Guardiola me ha convertido en un ser rastrero, hasta el punto de no pasar vergüenza si admito que soy feliz cuando pierde. Es horroroso, pero es la verdad: celebré su coma existencial del gol anulado el miércoles como el título que me faltará este año. Pura felicidad: sentiría lo mismo si lo multa la policía. Supongo que el gran legado de Guardiola es la generación de madridistas jóvenes marcados por ser testigos de la destrucción del mundo conocido. La Selección no ganaba pero nos quedaba el Madrid, como al articulista el folio sobre la novela. Se empezaron a truncar las cosas cuando Raúl voló para marcar de cabeza en un Clásico que acabó 2-6. Después vino la mano de Piqué tras el 5-0. Y Mourinho sacudiendo la suya porque alucinaba en la banda. La soberbia con la que despachaban el contragolpe indignaba. Esa dictadura de lo perfecto, como una socialdemocracia nórdica, en la que se asentó el Barça, fue la playa donde varamos. 

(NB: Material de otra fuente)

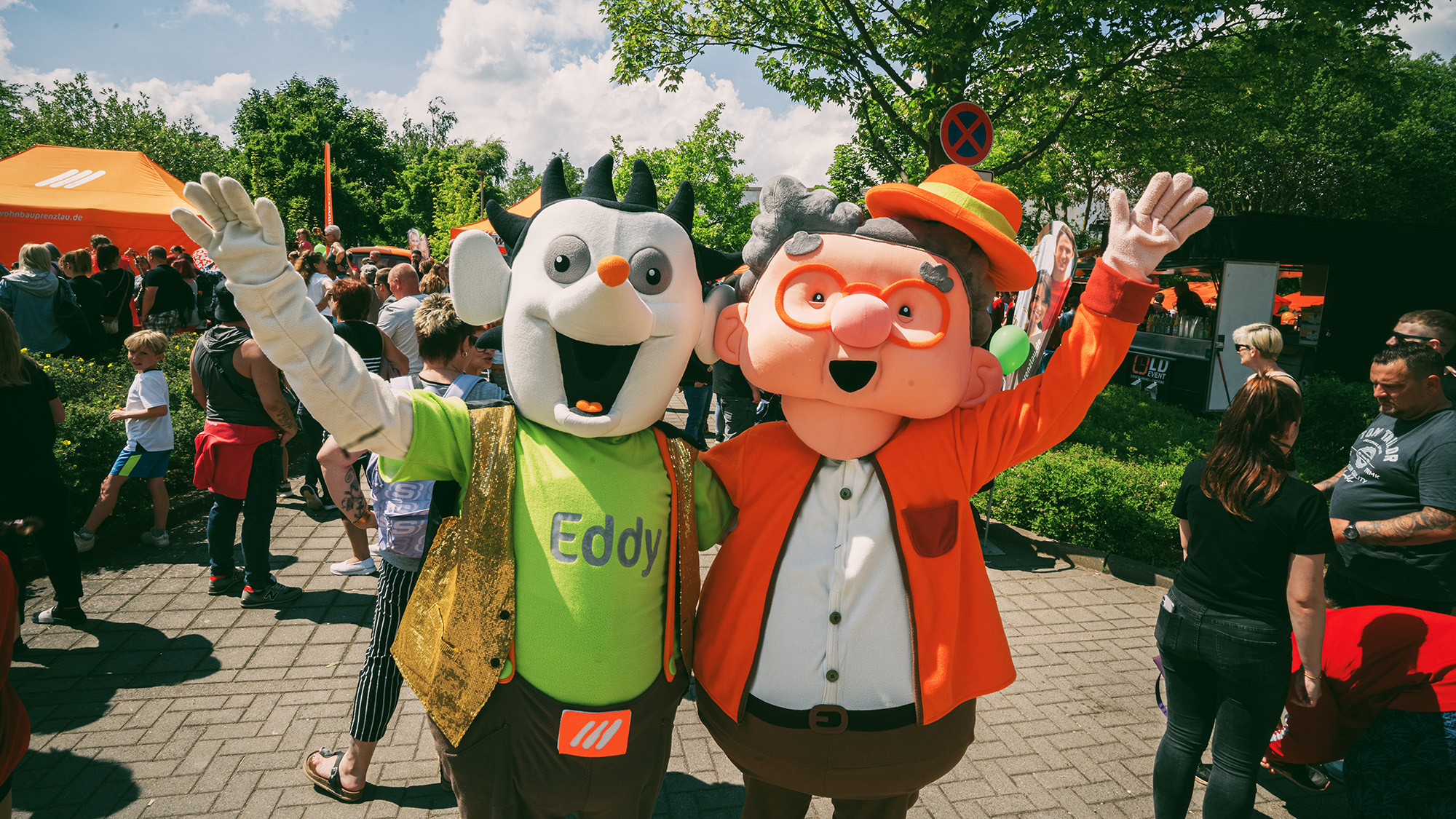 Wohnbau-Maskottchen Eddy und Friedrich freuen sich auf viele große und kleine Gäste beim Igelfest am 17.05.2025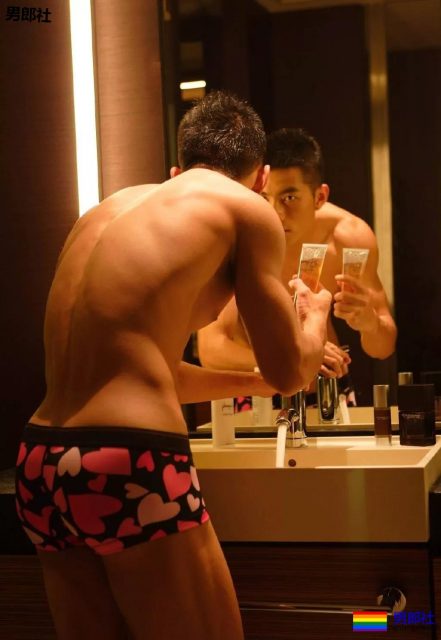 与陈冠希老爸关系匪浅！初代健身名媛朱晓辉，竟会这些高难度姿势 - 51虹马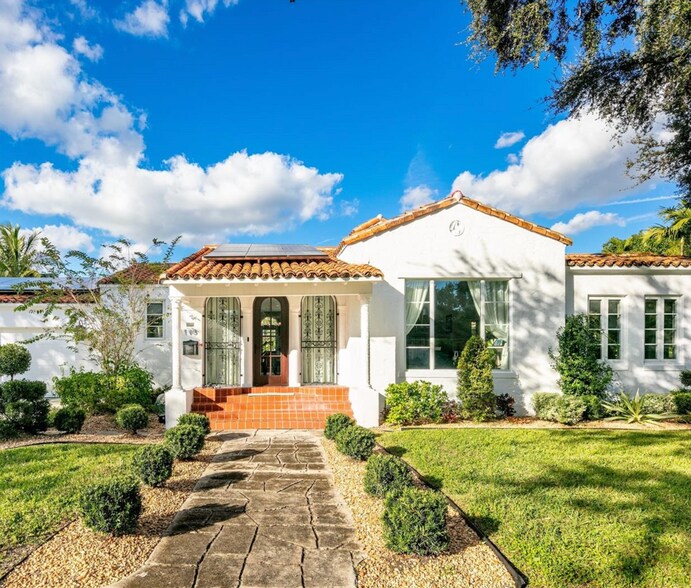 Building Photo - 113 NE 101st St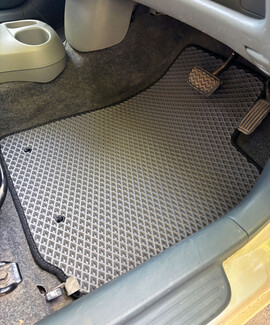 EVA коврики на Toyota Vitz I 1998 - 2005 в Екатеринбурге EVA коврики на Toyota Vitz I 1998 - 2005 в Екатеринбурге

Nos sentimos peores durante esa época. No quedaba nada exótico en la pegada, no había mensaje. Éramos bárbaros tratando de descabalgar un imperio nuevo basado en el estilo que, durísimo, era eficaz. Asistíamos impotentes a la revolución, asomados desde nuestra parcela adornada por el capote de Toñín e iluminada por las noches de Punto pelota, el programa que nos servía recalentado el fracaso. Había sólo una ilusión en aquellos clásicos navajeros: que Pepe jugara de medio centro.

Las derrotas se pasaban mejor si al menos provocaba una tangana o lesionaba a Dani Alves. Nos convertimos en una horda de infelices, rabiosos, agazapados en la fractura de tibia que se merecían aquellos tontitos que no corrían con el balón sino que se lo pasaban. Era bello, joder, ser un poco Quasimodo, deforme por dentro, sentirse oscuro, esforzado, ansioso por ganar a los del talento, estar en la friend zone del éxito.  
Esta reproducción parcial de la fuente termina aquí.